The goal for the students is to master the physical Anti-G Straining Maneuver (AGSM) critical for them to avoid the dreaded G-induced loss of consciousness (G-LOC) condition, which can cause pilots to black out and possibly lose control of the aircraft. And master it they must in order to achieve their required G-qualifications. According to Lohn, how long it takes for pilots to achieve their goal depends on how many days – up to three, or a maximum of 72 hours – it takes them to learn the technique and demonstrate that they have indeed mastered it. Most (96 percent) satisfactorily complete their training by the first day.

To do so they must convince Lohn, an aerospace physiologist who observes the students in the cockpit module from the centrifuge control room during their “flight,” that they have employed the AGSM properly a number of times during the training session. Although the students are taught the AGSM early on in their initial flight curricula, it is quite another thing to demonstrate it properly in a sustained high-G environment. Their first exposure is at Wright-Patt during their first seven days of initial training, but this is not as thorough as the real test they will undergo during the high-G training course in the centrifuge.

“During training, we do not medically monitor students in any way at all,” Lohn explained. “We just monitor them in person as a physiologist and as a medical observer for safety. What I am looking for when the students are spinning is a light-loss test – in other words, the level of light vision lost because of not maintaining proper blood pressure at the cranial level while attempting to perform the AGSM. I am also looking to see if they executed the mechanics of the AGSM properly. They are measured on a Pass-Fail scale, which is determined on how they perform the AGSM.”

In addition to providing improved acceleration training overall by increasing realism with the new centrifuge, the combination of the G-vectoring capability and the semi-panoramic display also help to reduce the number of motion sickness cases among the students by reducing vestibular disturbances that can lead to such sickness, “something that is huge,” Lohn added. These capabilities will also allow the School of Aerospace Medicine physiologists to begin conducting negative-G research, which they have not been able to do with previous centrifuge systems.

Researching Unexplained Events

School of Aerospace Medicine Program Manager Scott Fleming outlined additional research that the physiologists hope to conduct in the research cockpit module in addition to the negative-G investigations. These include looking into unexplained physiological events that have taken place in operational aircraft in the recent past, including oxygen-deprivation problems across several types of Air Force and Navy jet fighters.
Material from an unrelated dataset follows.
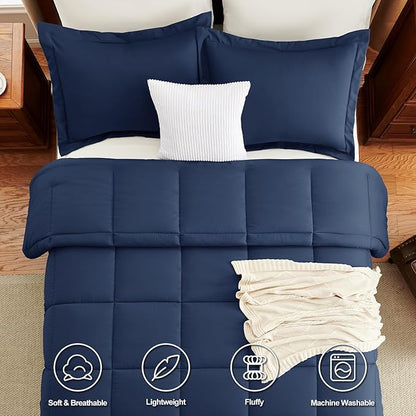 CozyLux Queen Size Comforter Set - Navy Blue Comforter Queen Size, 3 Pieces Box Stitched Bed Set for All Seasons, Soft Lightweight Bedding Sets with 1 Down Alternative Comforter and 2 Pillow Shams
Of course, any potential solutions to such problems must be tested in helmets, masks and sometimes G-suits in a high-G environment. Fleming explained that the Navy does not have its own centrifuge, so the Wright-Patterson AFB School of Aerospace Medicine is conducting high-G research for the Navy, particularly for the Naval Air System Command (NAVAIR).

“Anytime that we make a modification to these systems that are involved, they need to bring them back to the centrifuge and revalidate that the system will function properly in that high-G environment,” Fleming explained.